August 28, 2019 at 4:00 PM

As Labor Day approaches, now’s a good time to remember that most recipients of Temporary Assistance for Needy Families (TANF) benefits are workers who turn to TANF when the low-wage labor market fails them: they don’t get enough hours, they face harassment or discrimination, they don’t get time off to care for family health needs, or their child care or transportation arrangements fall apart.

TANF provides direct financial assistance and can help them get the education, skills, and supports to find and maintain better jobs. But to do so, TANF work programs should focus on helping parents set and achieve employment goals that are meaningful and within reach — not on tracking their hours of work activities (mainly job search) to comply with work requirements, as most states do now.

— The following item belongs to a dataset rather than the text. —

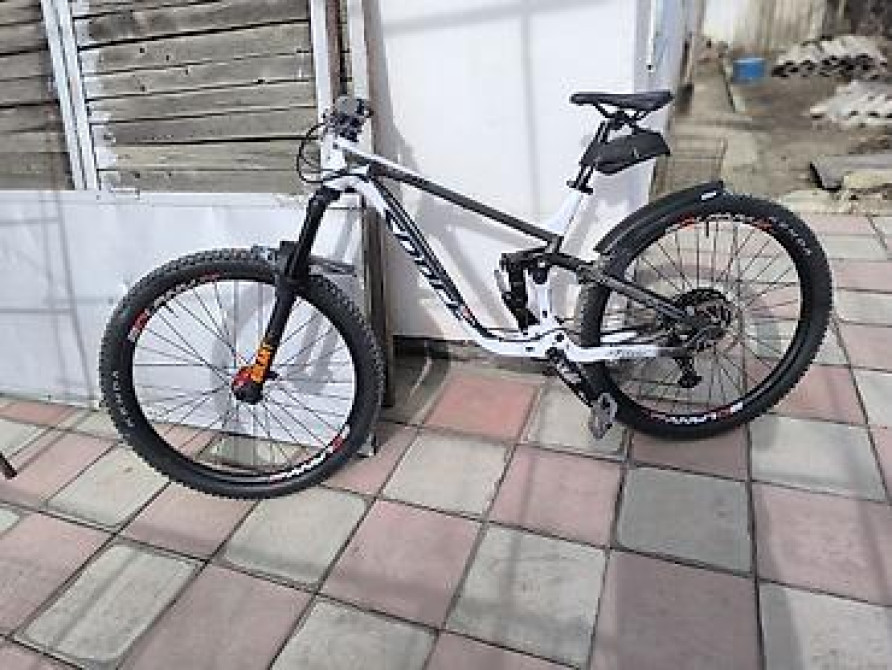 Продаю двух подвес размер рамы L 29 калёса 12 ск Шимано деор Бишкек - изображение 1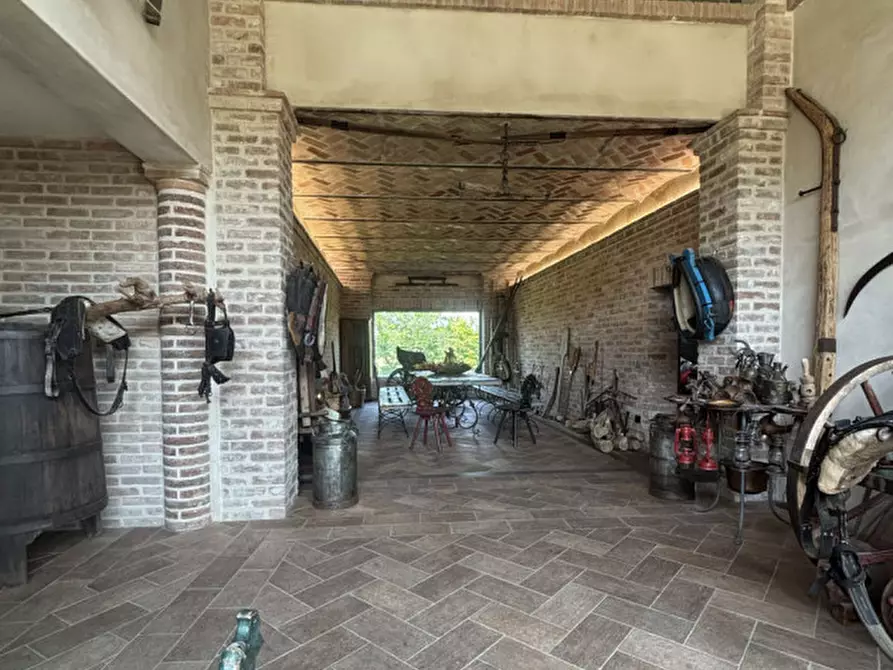 Immagine 8 di Casa bifamiliare in vendita  in Via Frara a Parma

In creating quality work opportunities for TANF recipients, we should start by dispelling the myth that they will work only if they face the threat of losing benefits. The vast majority of TANF parents already work, usually in physically demanding jobs that offer limited hours with unpredictable schedules, low pay, and few benefits, data show. For example, 84 percent of parents leaving TANF in Kansas worked at some point in the year before or the year after leaving, our analysis found. But work was unsteady: only 55 percent of parents leaving TANF worked in any given quarter of the year after leaving.

Parents need education, training, and work experience that will prepare them for jobs with higher pay, better working conditions, more stable hours, and benefits and supports that help them balance their work and parenting responsibilities.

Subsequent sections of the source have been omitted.